- WORK TO BE COMPLETED: Would you repeat the whole listing exactly, pictures excluded?

- DATASET SECTION:
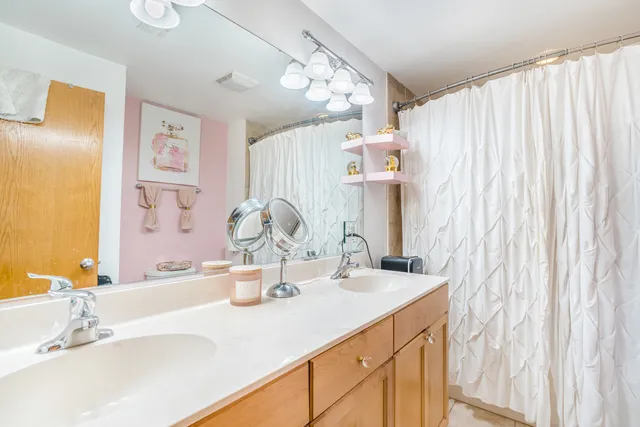 $260,000 | 4925 South Forrestville Avenue, Unit 3S, Chicago, IL 60615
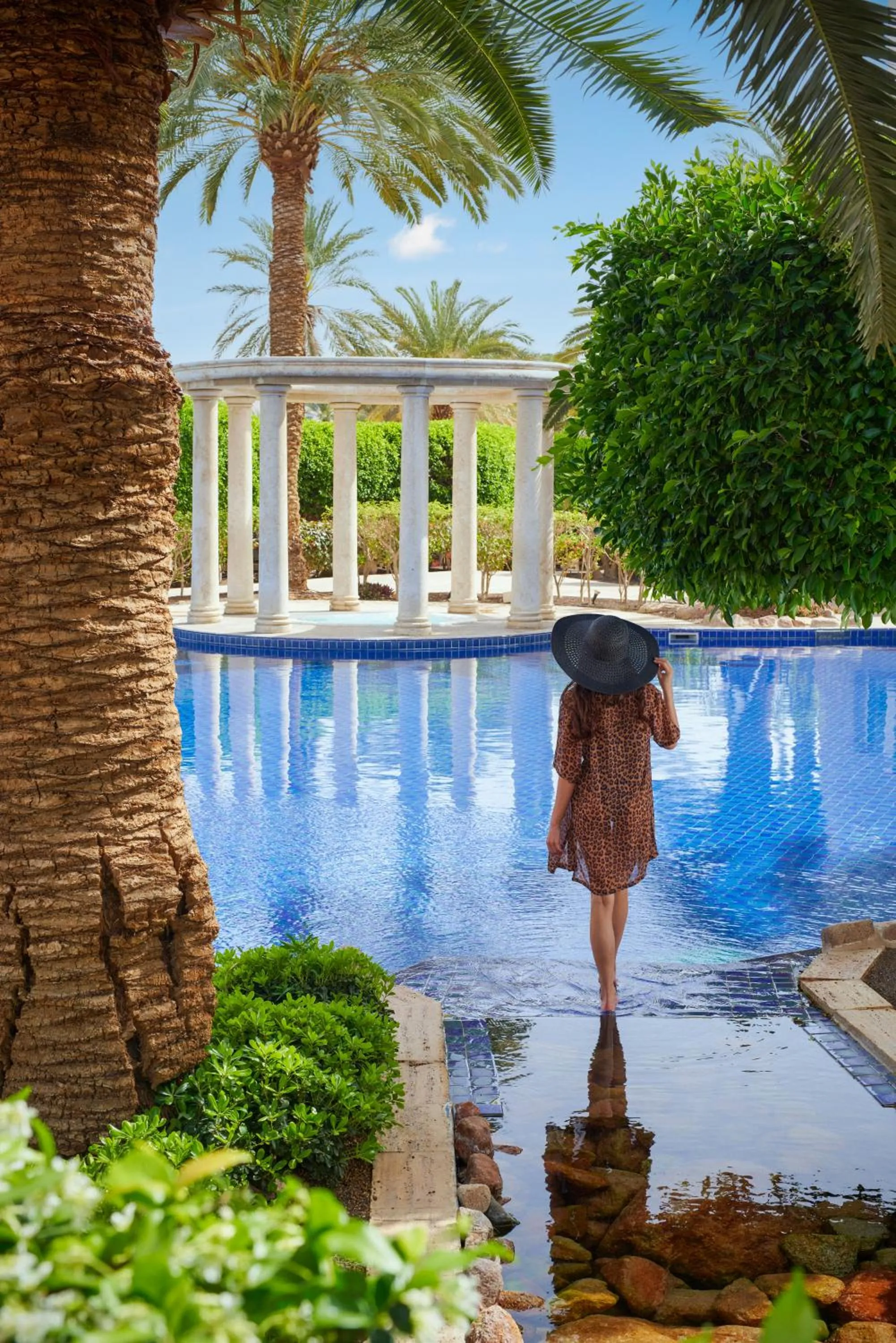 Swimming pool in Mövenpick Resort & Residences Aqaba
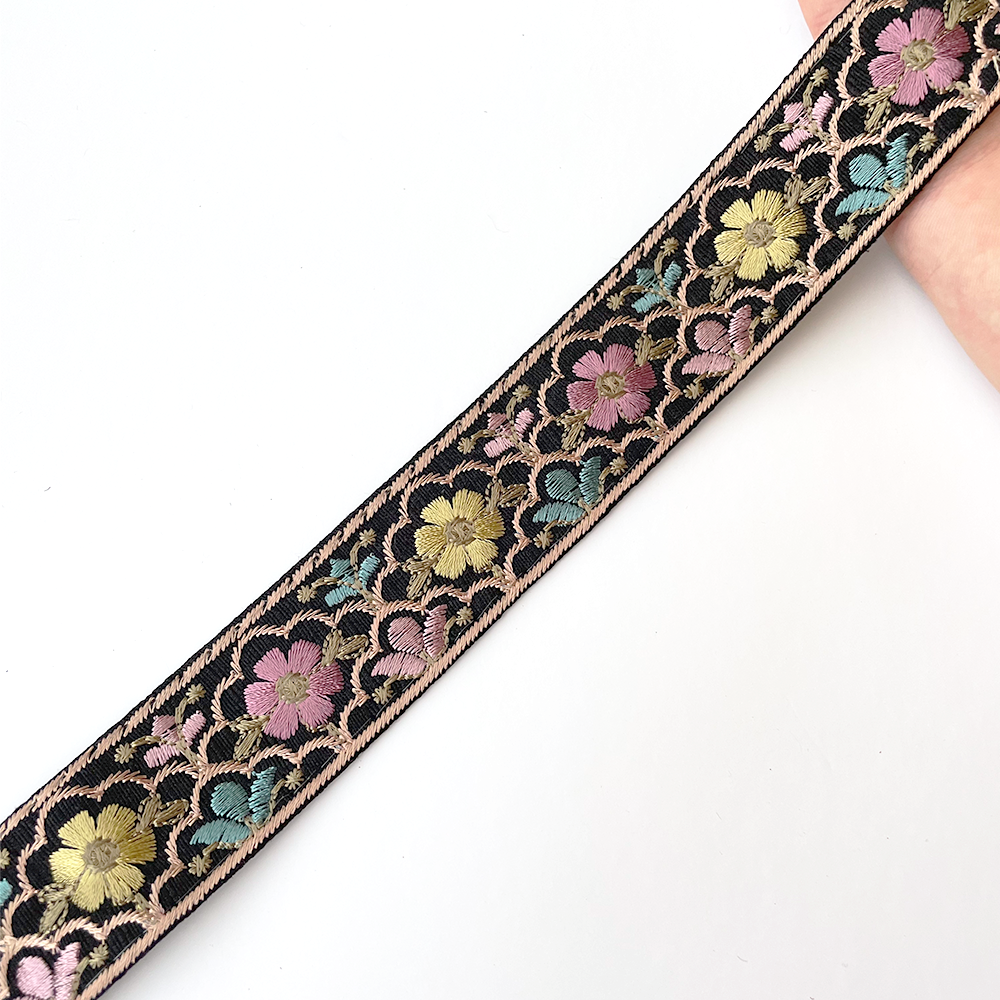 924 【 幅：3cm 】 インド刺繍リボン　ブラック　布地　イエロー　ブルー　ピンク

- TASK ANSWER:
 $260,000 | 4925 South Forrestville Avenue, Unit 3S, Chicago, IL 60615
 Swimming pool in Mövenpick Resort & Residences Aqaba
 924 【 幅：3cm 】 インド刺繍リボン　ブラック　布地　イエロー　ブルー　ピンク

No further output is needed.